Error when training RL policy using big offline dataset

How severe does this issue affect your experience of using Ray?

  • High: It blocks me to complete my task.

Hi experts.

I’m using Ray tune to evaluate different hyper-parameters when training an RL policy using offline data. This worked fine using a small offline data set, but the following error occurs when using a bigger offline data set:

ValueError: The actor ImplicitFunc is too large (99 MiB > FUNCTION_SIZE_ERROR_THRESHOLD=95 MiB). Check that its definition is not implicitly capturing a large array or other object in scope. Tip: use ray.put() to put large objects in the Ray object store.

Location of the offline data set is specified via the offline_data() method as shown below:

create config

config = (
MARWILConfig()
.training(…)
.environment(…)
.framework(…)
.offline_data(input_=self.offline_data_train_dir)
).to_dict()

additional config updates

create trainer

trainer = MARWIL(config=config)

Is there another way to specify the offline data set when training an RL policy?

Thanks,
Stefan

Hi @steff ,

You dataset is normally not serialized upon scheduling the training.
Is your dataset public? Can we view it? self.offline_data_train_dir is a simple path, correct?
Can you post the full stack trace so that we can see where check_oversized_function() is called?

“Your dataset is normally not serialized upon scheduling the training”. What’s the normal way of scheduling training of an RL policy when using offline data? I’m using the approach described in the RLLib documentation: Working With Offline Data — Ray 2.0.0.

Yes self.offline_data_train_dir is a directory on my local machine.

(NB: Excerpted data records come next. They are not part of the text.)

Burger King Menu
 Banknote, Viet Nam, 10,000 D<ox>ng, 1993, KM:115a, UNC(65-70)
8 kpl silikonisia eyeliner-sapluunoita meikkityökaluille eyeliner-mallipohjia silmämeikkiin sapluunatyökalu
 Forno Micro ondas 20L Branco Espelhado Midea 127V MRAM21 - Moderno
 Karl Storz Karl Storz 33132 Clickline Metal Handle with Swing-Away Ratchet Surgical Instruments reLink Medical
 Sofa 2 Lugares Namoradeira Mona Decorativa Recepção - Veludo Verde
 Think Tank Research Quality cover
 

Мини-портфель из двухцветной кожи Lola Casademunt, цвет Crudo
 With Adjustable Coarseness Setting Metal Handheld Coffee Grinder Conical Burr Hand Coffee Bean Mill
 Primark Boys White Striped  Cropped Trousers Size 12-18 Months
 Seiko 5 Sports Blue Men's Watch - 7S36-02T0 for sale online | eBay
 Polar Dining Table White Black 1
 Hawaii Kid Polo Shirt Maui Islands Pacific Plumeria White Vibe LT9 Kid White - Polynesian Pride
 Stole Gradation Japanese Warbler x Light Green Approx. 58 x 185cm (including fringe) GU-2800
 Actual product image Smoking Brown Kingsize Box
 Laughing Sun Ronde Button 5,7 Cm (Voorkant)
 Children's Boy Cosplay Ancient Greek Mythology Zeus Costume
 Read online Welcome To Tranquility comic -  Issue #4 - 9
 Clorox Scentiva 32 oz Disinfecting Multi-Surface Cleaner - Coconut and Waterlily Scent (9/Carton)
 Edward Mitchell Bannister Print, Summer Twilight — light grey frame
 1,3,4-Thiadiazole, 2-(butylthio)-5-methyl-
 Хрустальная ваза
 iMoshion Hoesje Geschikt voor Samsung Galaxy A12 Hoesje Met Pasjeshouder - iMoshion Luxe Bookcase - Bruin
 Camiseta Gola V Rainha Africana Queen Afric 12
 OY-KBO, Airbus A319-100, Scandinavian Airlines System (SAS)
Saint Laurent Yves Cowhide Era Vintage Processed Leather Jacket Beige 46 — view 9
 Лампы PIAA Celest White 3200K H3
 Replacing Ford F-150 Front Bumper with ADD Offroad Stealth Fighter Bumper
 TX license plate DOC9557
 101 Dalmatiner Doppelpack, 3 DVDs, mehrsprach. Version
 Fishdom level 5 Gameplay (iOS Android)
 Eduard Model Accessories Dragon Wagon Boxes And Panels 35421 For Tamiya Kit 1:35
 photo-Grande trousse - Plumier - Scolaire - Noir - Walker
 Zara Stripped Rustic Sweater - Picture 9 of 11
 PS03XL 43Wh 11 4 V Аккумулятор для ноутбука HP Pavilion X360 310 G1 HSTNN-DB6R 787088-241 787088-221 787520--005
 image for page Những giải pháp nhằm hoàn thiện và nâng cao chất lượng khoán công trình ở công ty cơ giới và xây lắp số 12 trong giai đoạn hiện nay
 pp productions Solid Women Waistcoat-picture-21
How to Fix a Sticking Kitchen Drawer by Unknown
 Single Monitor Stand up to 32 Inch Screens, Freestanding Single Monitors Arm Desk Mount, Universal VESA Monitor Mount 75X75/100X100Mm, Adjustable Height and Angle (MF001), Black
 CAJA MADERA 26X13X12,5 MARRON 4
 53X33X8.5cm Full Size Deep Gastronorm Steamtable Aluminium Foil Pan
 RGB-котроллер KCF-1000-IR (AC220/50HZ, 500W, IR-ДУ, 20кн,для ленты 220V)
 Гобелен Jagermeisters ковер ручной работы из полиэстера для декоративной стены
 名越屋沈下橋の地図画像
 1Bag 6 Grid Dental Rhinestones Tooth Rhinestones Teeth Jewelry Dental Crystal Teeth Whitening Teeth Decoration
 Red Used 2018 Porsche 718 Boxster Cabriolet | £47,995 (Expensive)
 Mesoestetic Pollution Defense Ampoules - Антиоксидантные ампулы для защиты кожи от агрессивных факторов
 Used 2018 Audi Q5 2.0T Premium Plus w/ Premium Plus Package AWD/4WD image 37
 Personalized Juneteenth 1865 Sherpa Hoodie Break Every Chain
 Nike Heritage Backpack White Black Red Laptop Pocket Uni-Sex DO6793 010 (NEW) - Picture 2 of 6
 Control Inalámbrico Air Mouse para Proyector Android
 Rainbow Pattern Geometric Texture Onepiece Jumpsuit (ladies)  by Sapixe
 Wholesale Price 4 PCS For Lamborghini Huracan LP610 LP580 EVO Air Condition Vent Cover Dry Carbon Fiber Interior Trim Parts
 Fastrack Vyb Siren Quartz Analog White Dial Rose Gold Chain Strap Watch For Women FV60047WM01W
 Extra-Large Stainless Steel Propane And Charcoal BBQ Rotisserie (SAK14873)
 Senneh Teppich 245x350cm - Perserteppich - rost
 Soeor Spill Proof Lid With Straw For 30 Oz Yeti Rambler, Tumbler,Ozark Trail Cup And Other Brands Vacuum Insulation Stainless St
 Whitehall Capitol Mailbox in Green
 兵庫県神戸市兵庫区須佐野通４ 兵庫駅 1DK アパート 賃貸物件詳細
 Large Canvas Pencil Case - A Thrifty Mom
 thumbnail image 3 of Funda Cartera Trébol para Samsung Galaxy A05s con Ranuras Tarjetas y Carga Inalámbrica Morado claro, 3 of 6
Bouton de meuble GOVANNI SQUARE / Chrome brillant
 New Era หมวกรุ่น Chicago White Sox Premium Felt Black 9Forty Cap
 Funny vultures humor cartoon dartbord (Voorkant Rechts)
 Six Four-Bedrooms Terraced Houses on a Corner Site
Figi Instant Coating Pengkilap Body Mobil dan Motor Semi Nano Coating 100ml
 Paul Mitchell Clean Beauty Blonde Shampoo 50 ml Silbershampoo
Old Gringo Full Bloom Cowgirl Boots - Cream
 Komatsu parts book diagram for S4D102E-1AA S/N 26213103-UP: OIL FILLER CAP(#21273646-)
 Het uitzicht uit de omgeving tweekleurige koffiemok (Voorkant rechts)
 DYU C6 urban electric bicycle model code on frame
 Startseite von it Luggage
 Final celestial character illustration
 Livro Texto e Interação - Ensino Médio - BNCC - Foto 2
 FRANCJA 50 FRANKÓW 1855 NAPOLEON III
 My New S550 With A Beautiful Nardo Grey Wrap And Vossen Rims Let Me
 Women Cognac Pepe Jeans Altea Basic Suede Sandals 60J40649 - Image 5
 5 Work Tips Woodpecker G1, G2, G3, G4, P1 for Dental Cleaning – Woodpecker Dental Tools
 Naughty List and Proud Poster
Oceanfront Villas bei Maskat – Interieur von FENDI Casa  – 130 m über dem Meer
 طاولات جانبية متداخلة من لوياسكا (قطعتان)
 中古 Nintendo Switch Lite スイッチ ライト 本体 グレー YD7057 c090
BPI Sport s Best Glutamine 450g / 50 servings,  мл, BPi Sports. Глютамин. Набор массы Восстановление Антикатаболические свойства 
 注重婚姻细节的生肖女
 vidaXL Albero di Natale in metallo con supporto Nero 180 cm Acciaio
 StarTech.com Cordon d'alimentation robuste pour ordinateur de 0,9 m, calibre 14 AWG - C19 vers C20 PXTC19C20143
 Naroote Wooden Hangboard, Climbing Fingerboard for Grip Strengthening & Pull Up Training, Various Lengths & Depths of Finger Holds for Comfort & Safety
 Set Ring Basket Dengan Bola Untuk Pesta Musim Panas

This dataset is not public.

Here is the stack trace:

2022-09-23 09:35:18,936 INFO worker.py:1509 – Started a local Ray instance. View the dashboard at http://127.0.0.1:8265
2022-09-23 09:35:20,079 INFO registry.py:96 – Detected unknown callable for trainable. Converting to class.
2022-09-23 09:35:20,079 WARNING function_trainable.py:619 – Function checkpointing is disabled. This may result in unexpected behavior when using checkpointing features or certain schedulers. To enable, set the train function arguments to be func(config, checkpoint_dir=None).
/home/stefan/anaconda3/envs/py38_ray2/lib/python3.8/site-packages/ray/tune/search/optuna/optuna_search.py:673: FutureWarning: LogUniformDistribution has been deprecated in v3.0.0. This feature will be removed in v6.0.0. See Release v3.0.0 · optuna/optuna · GitHub. Use :class:~optuna.distributions.FloatDistribution instead.
return ot.distributions.LogUniformDistribution(
/home/stefan/anaconda3/envs/py38_ray2/lib/python3.8/site-packages/ray/tune/search/optuna/optuna_search.py:682: FutureWarning: UniformDistribution has been deprecated in v3.0.0. This feature will be removed in v6.0.0. See Release v3.0.0 · optuna/optuna · GitHub. Use :class:~optuna.distributions.FloatDistribution instead.
return ot.distributions.UniformDistribution(
/home/stefan/anaconda3/envs/py38_ray2/lib/python3.8/site-packages/optuna/distributions.py:502: UserWarning: Choices for a categorical distribution should be a tuple of None, bool, int, float and str for persistent storage but contains which is of type list.
warnings.warn(message)
/home/stefan/anaconda3/envs/py38_ray2/lib/python3.8/site-packages/optuna/distributions.py:502: UserWarning: Choices for a categorical distribution should be a tuple of None, bool, int, float and str for persistent storage but contains [8] which is of type list.
warnings.warn(message)
/home/stefan/anaconda3/envs/py38_ray2/lib/python3.8/site-packages/optuna/distributions.py:502: UserWarning: Choices for a categorical distribution should be a tuple of None, bool, int, float and str for persistent storage but contains [16] which is of type list.
warnings.warn(message)
/home/stefan/anaconda3/envs/py38_ray2/lib/python3.8/site-packages/optuna/distributions.py:502: UserWarning: Choices for a categorical distribution should be a tuple of None, bool, int, float and str for persistent storage but contains [32] which is of type list.
warnings.warn(message)
[I 2022-09-23 09:35:29,901] A new study created in memory with name: optuna
/home/stefan/anaconda3/envs/py38_ray2/lib/python3.8/site-packages/optuna/distributions.py:766: FutureWarning: LogUniformDistribution(high=0.0001, low=1e-07) is deprecated and internally converted to FloatDistribution(high=0.0001, log=True, low=1e-07, step=None). See Cleanup distributions: `FloatDistribution` and `IntDistribution` · Issue #2941 · optuna/optuna · GitHub.
warnings.warn(message, FutureWarning)
/home/stefan/anaconda3/envs/py38_ray2/lib/python3.8/site-packages/optuna/distributions.py:766: FutureWarning: UniformDistribution(high=0.01, low=0.0) is deprecated and internally converted to FloatDistribution(high=0.01, log=False, low=0.0, step=None). See Cleanup distributions: `FloatDistribution` and `IntDistribution` · Issue #2941 · optuna/optuna · GitHub.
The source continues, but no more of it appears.